Wednesday night our pastor, Devin, addressed an issue that to be honest, I had never given much thought. As part of a series on "walking as Jesus walked," he taught us about the times in Scripture where Jesus cried. Now, of course I knew about these passages, and have heard many sermons about them, have read them, and have even thought about them. But I don't think I've ever really considered their application to my life. I always just thought that they showed a human, emotional side to Jesus; that they portray His humanity and deep sensitivity. Devin discussed them from this angle, too, but at the end he applied them to us as Christians. That's the part that really has me thinking over the last two days.
In our society we are taught that real men don't cry, at least not in public, but that isn't the picture we see of Jesus in the Bible. Let us see:
John 11:35 Jesus wept.
This happened in Bethany outside Lazarus' tomb, when Jesus saw the grief of Lazarus' family and friends.
Luke 19:41 Now as He drew near, He saw the city and wept over it...
Jesus knew the destruction that would take place not too long after this, when the Romans would come in and literally tear the city down. He knew the fate of the people, and even though they had rejected Him, He wept for them.

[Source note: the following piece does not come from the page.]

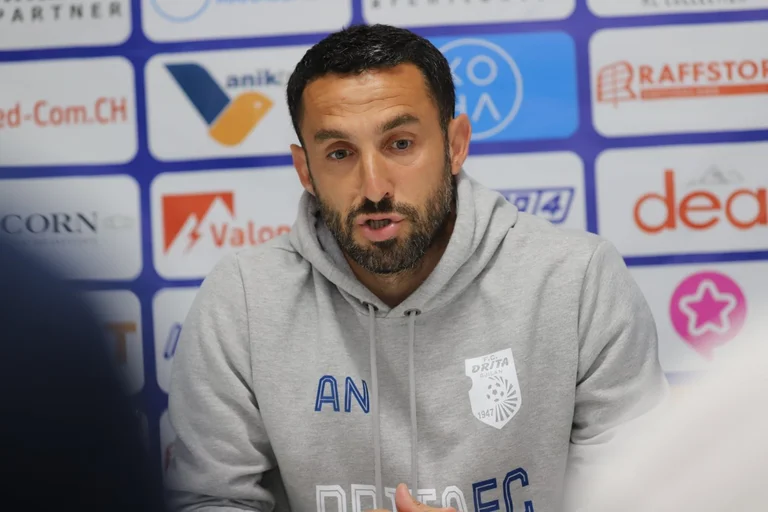 Léger entraîneur parle de beaucoup à la Conférence de la Ligue: Sur ces niveaux, chaque équipe a ses propres qualités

Hebrews 5:7-8 ...who, in the days of His flesh, when He had offered up prayers and supplications, with vehement cries and tears to Him who was able to save Him from death, and was heard because of His godly fear, though He was a Son, yet He learned obedience by the things which He suffered.
This is a description of Jesus when He prayed in the Garden of Gethsemane on the night before He was Crucified. We know that He was in such agony that He sweated drops of blood in addition to shedding many tears. He was in a deep emotional state as He looked ahead to the suffering He would endure.
We therefore see Jesus shedding tears in three different situations which I would sum up:
1. Compassion for others' grief and grief of His own over death and its hold on man
2. Sorrow for the lost, who face destruction both physical and spiritual
3. Deep personal anguish and suffering
Applying these to our lives, then, is simple yet intensely profound. Do we cry with and for others when they are hurting? REALLY cry over their sorrow? Not just tell them we love them and will pray for them but sit down with them and cry? Do we shed tears for the lost? Are we moved to such deep feeling for sinners that we weep for them and for the destruction they surely face? Do we cry out to God with "vehement cries and tears" when we are suffering greatly?
Perhaps I'm wrong about this, but I think many of us have become hardened and jaded in this area of our lives. We think that crying is a sign of weakness, or we don't want to be seen as emotional basket cases. I'm not advocating that we spend all our time crying and wailing, or that every Sunday be a huge emotional experience where we go to the altar and sob. After all, we are only told of a few times that Jesus wept. But I admit that I have tried NOT to cry over the last year, maybe because I fear that if I begin crying, the tears will go on for too long a time. Oh, there have been a few times I've cried--one night in choir the words of a song we were singing brought me to tears...("Sometimes we wait, simply to find, sometimes the answers come with time...there is a place where we rest in His grace, when sometimes we wait on the Lord.") I've been moist-eyed a few times in church, here and there. Usually I just try to get it under control as quickly as possible. But now I'm thinking--would it be cathartic to cry before the Lord with "vehement cries and tears"? How long has it been since I truly wept for the lost? How long since I had "a good cry"?